(Scraped caption text data)
■ ■ ■
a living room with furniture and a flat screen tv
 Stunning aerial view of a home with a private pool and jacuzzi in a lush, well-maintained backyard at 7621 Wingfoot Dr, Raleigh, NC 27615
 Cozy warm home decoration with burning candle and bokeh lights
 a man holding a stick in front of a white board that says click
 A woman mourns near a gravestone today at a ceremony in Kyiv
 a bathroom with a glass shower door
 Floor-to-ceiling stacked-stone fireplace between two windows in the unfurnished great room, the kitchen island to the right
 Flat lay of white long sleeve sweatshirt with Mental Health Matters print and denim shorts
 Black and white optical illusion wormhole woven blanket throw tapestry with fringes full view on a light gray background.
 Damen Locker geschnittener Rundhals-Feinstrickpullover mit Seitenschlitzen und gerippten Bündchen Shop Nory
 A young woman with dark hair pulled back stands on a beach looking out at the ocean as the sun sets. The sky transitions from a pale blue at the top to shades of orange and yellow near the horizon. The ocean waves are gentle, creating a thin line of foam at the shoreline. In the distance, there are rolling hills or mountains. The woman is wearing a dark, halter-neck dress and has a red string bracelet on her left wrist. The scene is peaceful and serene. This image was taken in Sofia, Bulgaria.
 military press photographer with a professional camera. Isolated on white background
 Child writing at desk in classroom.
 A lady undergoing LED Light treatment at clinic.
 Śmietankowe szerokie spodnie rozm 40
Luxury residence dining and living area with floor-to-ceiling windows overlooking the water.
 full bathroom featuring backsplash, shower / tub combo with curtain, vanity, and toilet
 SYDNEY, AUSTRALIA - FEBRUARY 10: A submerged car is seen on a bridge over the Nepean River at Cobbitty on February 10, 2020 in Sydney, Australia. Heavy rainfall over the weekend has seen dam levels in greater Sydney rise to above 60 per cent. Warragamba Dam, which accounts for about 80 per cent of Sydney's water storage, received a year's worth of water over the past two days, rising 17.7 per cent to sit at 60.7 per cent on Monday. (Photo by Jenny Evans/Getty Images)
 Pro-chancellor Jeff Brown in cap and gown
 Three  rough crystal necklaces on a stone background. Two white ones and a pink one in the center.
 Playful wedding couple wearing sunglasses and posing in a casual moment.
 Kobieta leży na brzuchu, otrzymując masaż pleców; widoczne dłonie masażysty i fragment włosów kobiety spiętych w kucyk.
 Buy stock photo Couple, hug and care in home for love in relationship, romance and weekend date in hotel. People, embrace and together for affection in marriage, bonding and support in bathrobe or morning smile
■ ■ ■
» WHAT THE EXERCISE ASKS: All lines that contain the word "ceiling" must be copied from the records above.

» WRITTEN RESPONSE:
 Floor-to-ceiling stacked-stone fireplace between two windows in the unfurnished great room, the kitchen island to the right
Luxury residence dining and living area with floor-to-ceiling windows overlooking the water.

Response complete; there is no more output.